It is also religiously diverse — more than half of the people here practice Hinduism, but there are plenty of Muslims, a handful of Jewish neighborhoods and lots of Catholics — a fact that manifests itself through the region’s cuisine.

The Portuguese, who landed here in the 15th century and took up the spice trade, introduced Catholicism. They also brought with them a love of pork and the chilies that would come to define a lot of Kerala’s food.
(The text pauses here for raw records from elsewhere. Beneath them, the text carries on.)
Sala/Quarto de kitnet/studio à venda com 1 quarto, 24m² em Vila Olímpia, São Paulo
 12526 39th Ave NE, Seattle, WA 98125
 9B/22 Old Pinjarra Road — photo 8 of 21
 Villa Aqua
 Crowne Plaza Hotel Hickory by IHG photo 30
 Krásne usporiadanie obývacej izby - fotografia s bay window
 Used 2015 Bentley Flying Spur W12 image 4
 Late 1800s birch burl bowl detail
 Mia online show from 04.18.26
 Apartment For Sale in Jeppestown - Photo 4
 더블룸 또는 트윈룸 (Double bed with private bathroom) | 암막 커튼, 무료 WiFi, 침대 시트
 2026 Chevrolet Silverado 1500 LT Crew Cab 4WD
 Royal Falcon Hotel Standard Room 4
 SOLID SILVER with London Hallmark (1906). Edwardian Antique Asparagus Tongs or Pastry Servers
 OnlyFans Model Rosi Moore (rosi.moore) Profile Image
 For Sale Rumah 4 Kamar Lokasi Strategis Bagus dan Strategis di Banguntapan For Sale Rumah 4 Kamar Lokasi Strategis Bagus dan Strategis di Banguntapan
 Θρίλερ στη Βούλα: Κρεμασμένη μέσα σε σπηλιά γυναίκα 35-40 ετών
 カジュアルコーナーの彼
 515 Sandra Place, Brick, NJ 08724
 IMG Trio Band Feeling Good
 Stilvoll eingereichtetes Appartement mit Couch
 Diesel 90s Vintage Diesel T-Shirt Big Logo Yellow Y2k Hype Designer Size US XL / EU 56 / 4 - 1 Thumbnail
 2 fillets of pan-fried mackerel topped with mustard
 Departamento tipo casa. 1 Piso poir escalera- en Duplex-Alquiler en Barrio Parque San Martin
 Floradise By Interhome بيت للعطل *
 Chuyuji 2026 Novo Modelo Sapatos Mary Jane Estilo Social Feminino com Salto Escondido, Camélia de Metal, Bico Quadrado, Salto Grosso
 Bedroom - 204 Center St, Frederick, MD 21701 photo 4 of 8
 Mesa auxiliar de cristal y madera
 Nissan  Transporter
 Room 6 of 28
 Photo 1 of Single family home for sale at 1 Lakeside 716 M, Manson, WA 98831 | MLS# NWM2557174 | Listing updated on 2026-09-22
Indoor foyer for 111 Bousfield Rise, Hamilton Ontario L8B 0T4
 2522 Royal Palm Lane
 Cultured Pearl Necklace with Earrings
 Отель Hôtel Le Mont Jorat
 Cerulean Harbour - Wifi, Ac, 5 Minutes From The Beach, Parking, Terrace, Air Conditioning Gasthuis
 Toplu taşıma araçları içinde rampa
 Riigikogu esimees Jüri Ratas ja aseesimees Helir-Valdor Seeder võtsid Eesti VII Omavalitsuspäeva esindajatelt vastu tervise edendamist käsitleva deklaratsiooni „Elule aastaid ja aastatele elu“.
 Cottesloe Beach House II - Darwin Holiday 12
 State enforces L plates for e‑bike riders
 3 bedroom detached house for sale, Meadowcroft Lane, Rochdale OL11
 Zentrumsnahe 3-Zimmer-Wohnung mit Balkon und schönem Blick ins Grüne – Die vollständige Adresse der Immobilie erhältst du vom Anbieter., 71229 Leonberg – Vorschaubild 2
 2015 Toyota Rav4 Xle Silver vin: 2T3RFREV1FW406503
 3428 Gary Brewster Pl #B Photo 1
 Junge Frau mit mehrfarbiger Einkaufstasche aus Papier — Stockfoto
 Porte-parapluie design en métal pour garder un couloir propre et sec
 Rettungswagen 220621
It’s how Gomez’s family got its name and why she grew up a meat-eating Catholic in a land where vegetarianism is the predominant eating style.

It makes sense, then, that Kerala and its food are increasingly attractive to younger people from India’s huge, sprawling cities who, like travelers in many parts of the world, are increasingly using food as an organizing principal for their vacations.

“Growing up, we never took vacations to eat and at home we never ate out unless it was a super special occasion,” Pinheiro said. “Now once or twice a week we eat out.”

In Kochi, millennial eaters are rejecting the American-style fast-food restaurants they grew up on in favor of authentic experiences that offer new twists on classic South Indian dishes.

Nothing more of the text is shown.